The documentary hypothesis (chap 10)

Ecrire les spécifications force à prendre des centaines de micro-décisions qui permettent de préciser les choses telles qu’elles doivent l’être. Ne pas le faire garantit une mauvaise implémentation et laisse trop de liberté. La documentation doit bien sûr être maintenue, ce qui demande un effort supplémentaire.

The whole and the parts (chap 13)

La plupart des problèmes viennent des choses qui n’ont jamais été réellement spécifiées. Cela rejoint le chapitre 10. L’approche Top/Bottom est recommandée par l’auteur car elle permet de préciser les choses par couches, par itérations.

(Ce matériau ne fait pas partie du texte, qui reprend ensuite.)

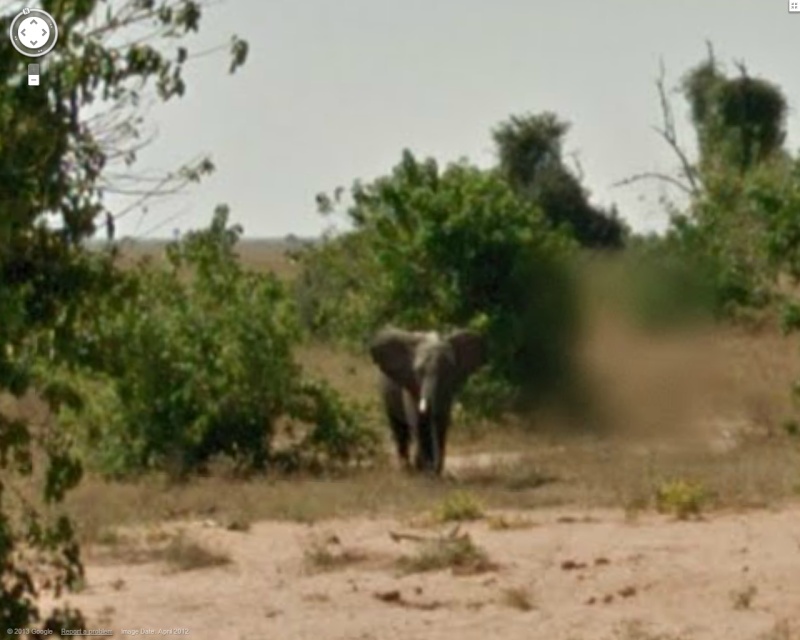 STREET VIEW : Les animaux - Page 8 Elepha11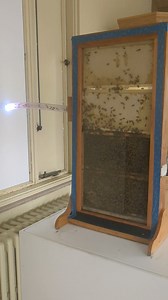 Everhart Museum of Natural History, Science & Art on Reels | Facebook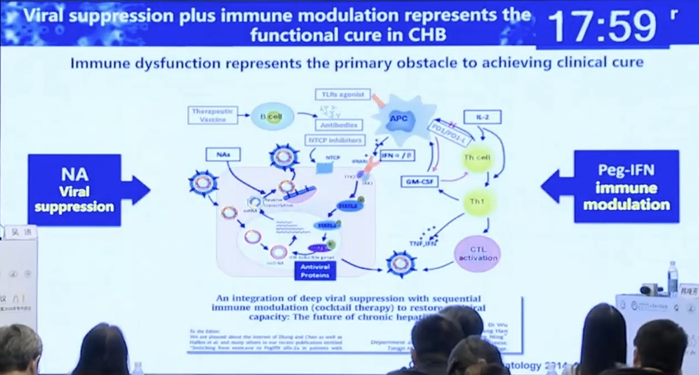 【会议撷萃】吴迪教授:基于生物标志物指导的慢乙肝临床治愈策略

Hatching a catastrophe (chap 14)

Comment un projet devient en retard ? Un jour à la fois. Comment savoir si on est en retard ? Il faut un planning avec des dates de fin estimées. Sans planning, les priorités ne sont pas fixées. L’auteur recommande de l’établir avec des étapes concrètes, spécifiques et mesurables. Celui-ci fournira un chemin critique permettant de savoir ce qui importe. La préparation du chemin critique est la principale raison de l’existence du planning car elle permet de voir les dépendances, le réseau, l’estimation des étapes et cela très tôt dans le projet. L’auteur insiste également sur les revues techniques qui donnent un statut réel, connu de tous. Cette étape ferait partie du planning et pourrait être documentée.

No Silver Bullet - Essence and accident (chap 16)

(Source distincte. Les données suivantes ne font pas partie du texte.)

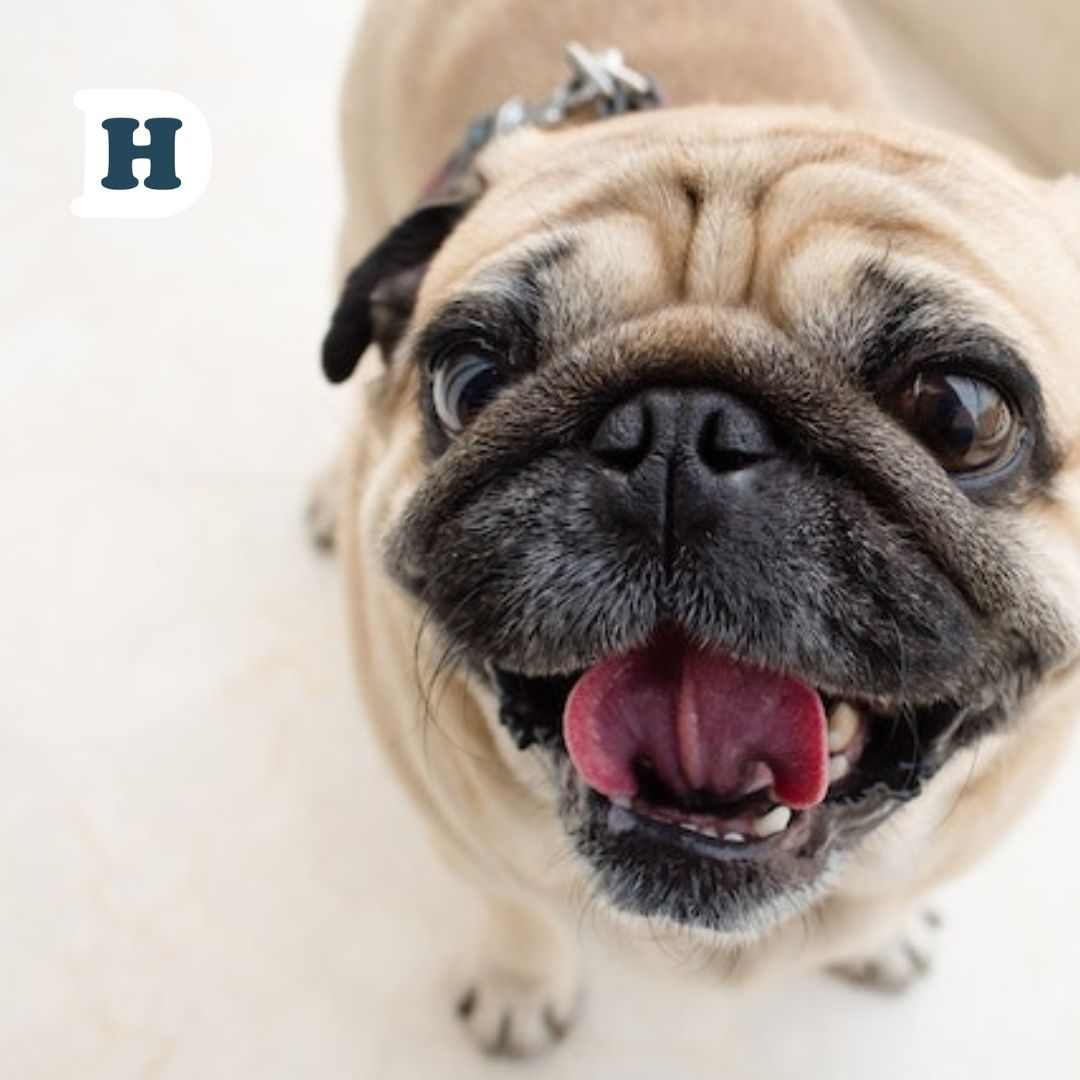 Is Your Dog at Risk? Exploring the Prevalence and Prevention of Brachycephalic Airway Syndrome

Fred Brooks avait prédit en 1986 qu’il n’y aurait pas de gain important de productivité pendant les 10 prochaines années. Il a apparemment eu raison (moi, je n’y étais pas ;) ). Ce chapitre intègre les notions d’accident et d’essence (difficile d’expliquer donc je renvoie vers Wikipedia).

Note finale

J’ai apprécié ce livre car il offre une vision de la gestion de projet basée sur l’expérience, écrite par une personne reconnue dans son domaine. Certains chapitres m’ont plus marqués que d’autres mais je garde un trés bon souvenir de l’ensemble. Il est également appréciable de voir l’auteur publier les critiques faites sur certaines de ses idées et en disant “oui, j’avais tort sur…”.

Si je devais faire une autre critique sur ce livre, je dirai que sa présentation n’est peut-être pas assez “fun” et qu’il manque de pratique, d’une vision au jour le jour. C’est une vision large mais d’un peu plus haut que je l’aurai souhaité.